This article was originally published on June 19th 2013 in the International Institute for Sustainable Development Reporting Service (IISD RS) news in the Post-2015 Policy & Practice section. See also the related article here.
Ministers and permanent representatives from Australia, Hungary and Japan joined scientists and knowledge management specialists in a panel discussion titled ‘Sustainable Development Goals as a Driver for Trans-disciplinary Research and Education – A View from the Nature Article Authors,' on 19 June 2013, in New York, US.
Taking place on the sidelines of the fourth session of the UN General Assembly's (UNGA) Open Working Group (OWG 4) on Sustainable Development Goals (SDGs), the event was organized by the Government of Japan and Government of Australia, as part of the Project on Sustainability Transformation beyond 2015. Speakers included: Norichika Kanie, Tokyo Institute of Technology; Dave Griggs, CEO ClimateWorks Australia and Director, Monash Sustainability Institute; and Marc Levy, Center for International Earth Science Information Network (CIESIN), Columbia University.
Kanie explained the proposed re-definition of sustainable development as 'Development that meets the needs of the present while safeguarding Earth's life‐support system, on which the welfare of current and future generations depends,' and presented the methodology behind the SDGs proposed in an article in the March 2013 issue of 'Nature' magazine.
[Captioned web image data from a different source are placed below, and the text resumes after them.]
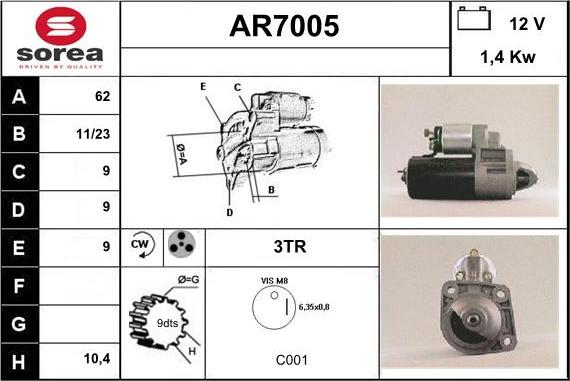 Sera AR7005 - Starteris adetalas.lv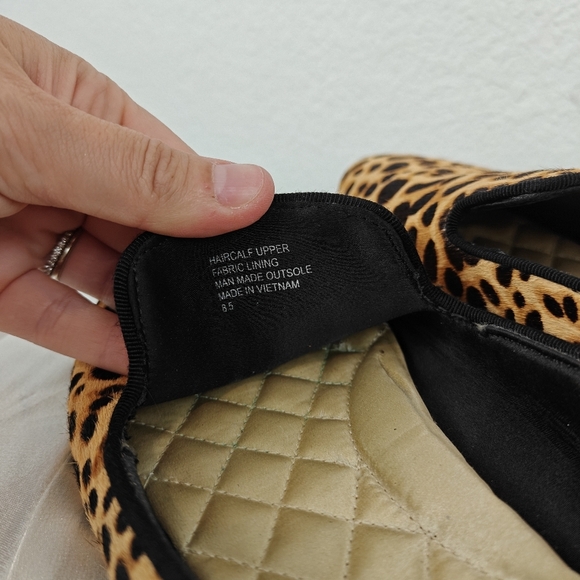 Birdies The Starling Leopard Slip On Genuine Calf hair Loafers Size 8.5 Women's - Picture 14 of 14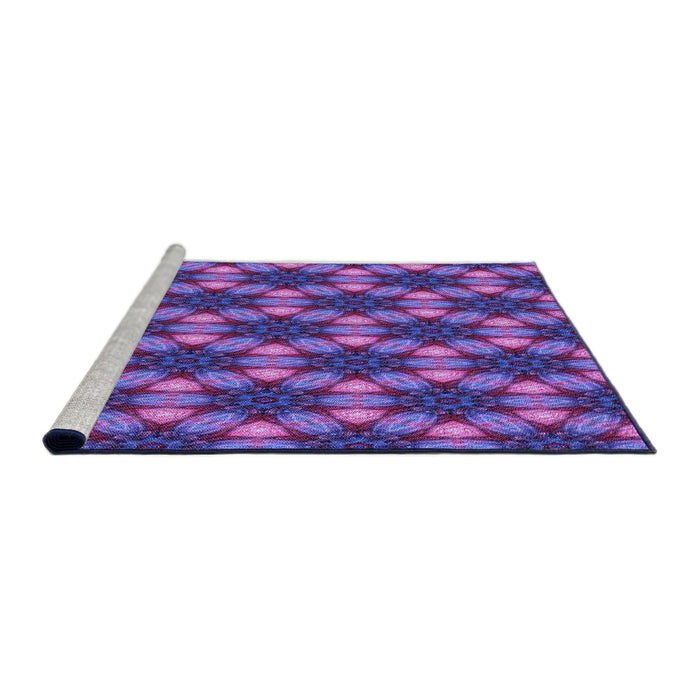 Sideview of Machine Washable Transitional Bright Purple Rug, wshpat2557pur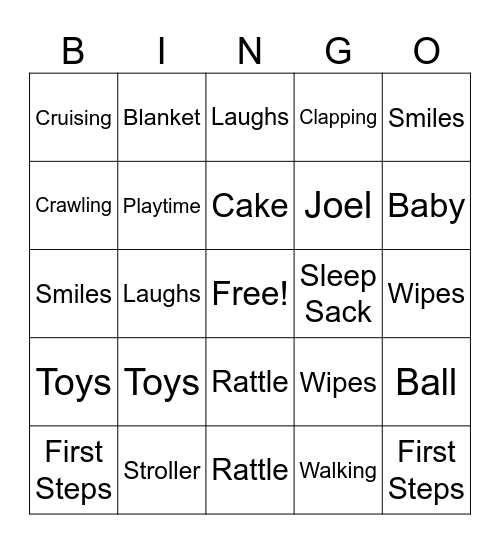 Joel Bingo Card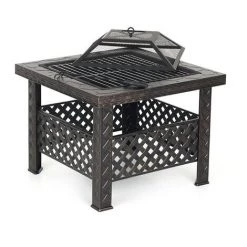 IKayaa Metal Garden Backyard Fire Pit Patio Carré Foyer Poêle Brasero Cheminée Extérieure Avec Couvercle De Foyer & Poker + Barbecue Grill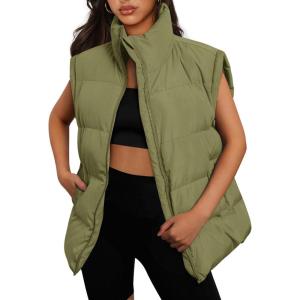 imageAUTOMET Womens Puffer Vests Fall Fashion Jackets Puffy Outfits 2025 Trendy Sleeveless Coats Outerwear Winter ClothesArmy Green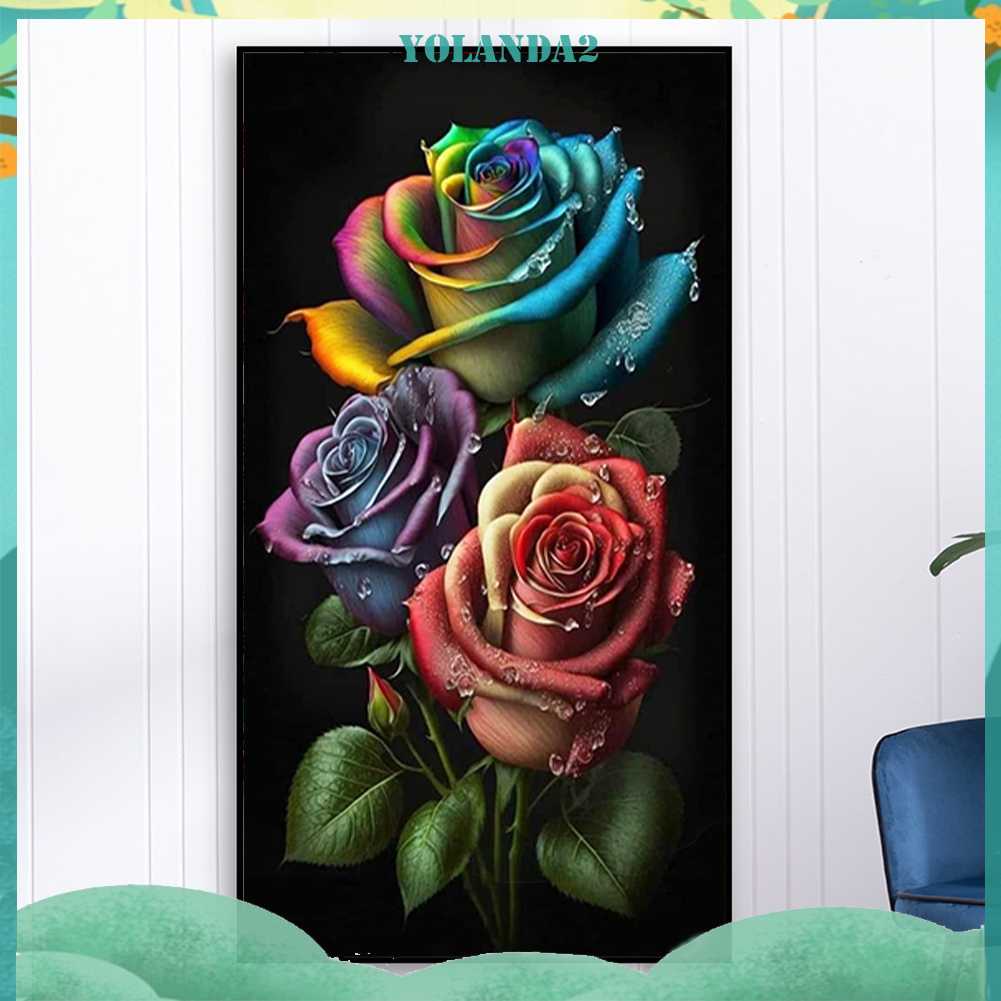 Tranh Đính Đá Kim Cương Toàn Bộ 5D DIY Hình Vẽ Hoa Hồng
Kanie also described the Project on Sustainability Transformation beyond 2015.
Griggs, one of the authors of the article, explained the “Great Acceleration” of human activities, in which technology and consumption have overtaken population as a driver of change, despite our “1900s mindset.” Griggs outlined key challenges and opportunities in moving from the Millennium Development Goals (MDGs) to the SDGs.
Levy discussed incorporating indicators for governance in the SDGs. He called for “thinking like a system,” arguing that sustainability emerges through the interaction of multiple processes, operating at multiple scales, which requires ‘nested,' interlinked governance and monitoring strategies. He added that we must do a better job demonstrating benefits with respect to core human values of security and well-being.
Remarks were also provided by: Ambassador Csaba Korosi, Permanent Representative of Hungary and OWG co-chair; Katsuhiko Takahashi, Permanent Mission of Japan; Peter Versegi, Permanent Mission of Australia; Faye Leone, IISD; and Yoshihiro Katayama, Ministry of Foreign Affairs of Japan.